The task> Every entry is to be printed again precisely as given.

Excerpted data>
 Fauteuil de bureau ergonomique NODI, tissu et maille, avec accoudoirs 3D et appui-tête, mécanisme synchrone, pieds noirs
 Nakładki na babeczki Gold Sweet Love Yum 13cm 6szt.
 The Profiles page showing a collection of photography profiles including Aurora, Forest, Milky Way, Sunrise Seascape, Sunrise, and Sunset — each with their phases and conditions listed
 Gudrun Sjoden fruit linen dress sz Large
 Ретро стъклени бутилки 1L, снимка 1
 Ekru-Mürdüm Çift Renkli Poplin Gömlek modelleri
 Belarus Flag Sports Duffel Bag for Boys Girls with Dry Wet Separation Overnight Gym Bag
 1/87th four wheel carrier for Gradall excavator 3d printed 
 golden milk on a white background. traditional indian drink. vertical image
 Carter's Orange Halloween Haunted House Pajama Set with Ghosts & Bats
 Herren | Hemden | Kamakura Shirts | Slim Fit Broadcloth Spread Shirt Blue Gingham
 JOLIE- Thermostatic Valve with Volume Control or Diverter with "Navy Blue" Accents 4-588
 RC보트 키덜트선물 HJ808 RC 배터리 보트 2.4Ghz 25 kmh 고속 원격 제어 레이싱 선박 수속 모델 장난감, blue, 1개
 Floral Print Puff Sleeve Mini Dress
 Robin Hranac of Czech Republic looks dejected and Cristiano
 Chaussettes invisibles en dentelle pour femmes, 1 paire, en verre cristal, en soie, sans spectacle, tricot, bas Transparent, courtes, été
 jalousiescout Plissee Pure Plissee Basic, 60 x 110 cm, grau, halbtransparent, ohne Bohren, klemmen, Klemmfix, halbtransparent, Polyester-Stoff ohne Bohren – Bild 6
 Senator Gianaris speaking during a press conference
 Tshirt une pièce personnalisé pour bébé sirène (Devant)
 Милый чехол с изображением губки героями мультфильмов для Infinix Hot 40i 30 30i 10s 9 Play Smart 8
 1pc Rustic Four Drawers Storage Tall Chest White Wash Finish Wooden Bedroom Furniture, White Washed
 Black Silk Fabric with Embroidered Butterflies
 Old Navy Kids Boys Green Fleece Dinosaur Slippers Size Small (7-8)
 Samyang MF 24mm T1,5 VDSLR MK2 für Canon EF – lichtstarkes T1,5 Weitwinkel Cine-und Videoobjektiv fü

Task answer>
 Fauteuil de bureau ergonomique NODI, tissu et maille, avec accoudoirs 3D et appui-tête, mécanisme synchrone, pieds noirs
 Nakładki na babeczki Gold Sweet Love Yum 13cm 6szt.
 The Profiles page showing a collection of photography profiles including Aurora, Forest, Milky Way, Sunrise Seascape, Sunrise, and Sunset — each with their phases and conditions listed
 Gudrun Sjoden fruit linen dress sz Large
 Ретро стъклени бутилки 1L, снимка 1
 Ekru-Mürdüm Çift Renkli Poplin Gömlek modelleri
 Belarus Flag Sports Duffel Bag for Boys Girls with Dry Wet Separation Overnight Gym Bag
 1/87th four wheel carrier for Gradall excavator 3d printed 
 golden milk on a white background. traditional indian drink. vertical image
 Carter's Orange Halloween Haunted House Pajama Set with Ghosts & Bats
 Herren | Hemden | Kamakura Shirts | Slim Fit Broadcloth Spread Shirt Blue Gingham
 JOLIE- Thermostatic Valve with Volume Control or Diverter with "Navy Blue" Accents 4-588
 RC보트 키덜트선물 HJ808 RC 배터리 보트 2.4Ghz 25 kmh 고속 원격 제어 레이싱 선박 수속 모델 장난감, blue, 1개
 Floral Print Puff Sleeve Mini Dress
 Robin Hranac of Czech Republic looks dejected and Cristiano
 Chaussettes invisibles en dentelle pour femmes, 1 paire, en verre cristal, en soie, sans spectacle, tricot, bas Transparent, courtes, été
 jalousiescout Plissee Pure Plissee Basic, 60 x 110 cm, grau, halbtransparent, ohne Bohren, klemmen, Klemmfix, halbtransparent, Polyester-Stoff ohne Bohren – Bild 6
 Senator Gianaris speaking during a press conference
 Tshirt une pièce personnalisé pour bébé sirène (Devant)
 Милый чехол с изображением губки героями мультфильмов для Infinix Hot 40i 30 30i 10s 9 Play Smart 8
 1pc Rustic Four Drawers Storage Tall Chest White Wash Finish Wooden Bedroom Furniture, White Washed
 Black Silk Fabric with Embroidered Butterflies
 Old Navy Kids Boys Green Fleece Dinosaur Slippers Size Small (7-8)
 Samyang MF 24mm T1,5 VDSLR MK2 für Canon EF – lichtstarkes T1,5 Weitwinkel Cine-und Videoobjektiv fü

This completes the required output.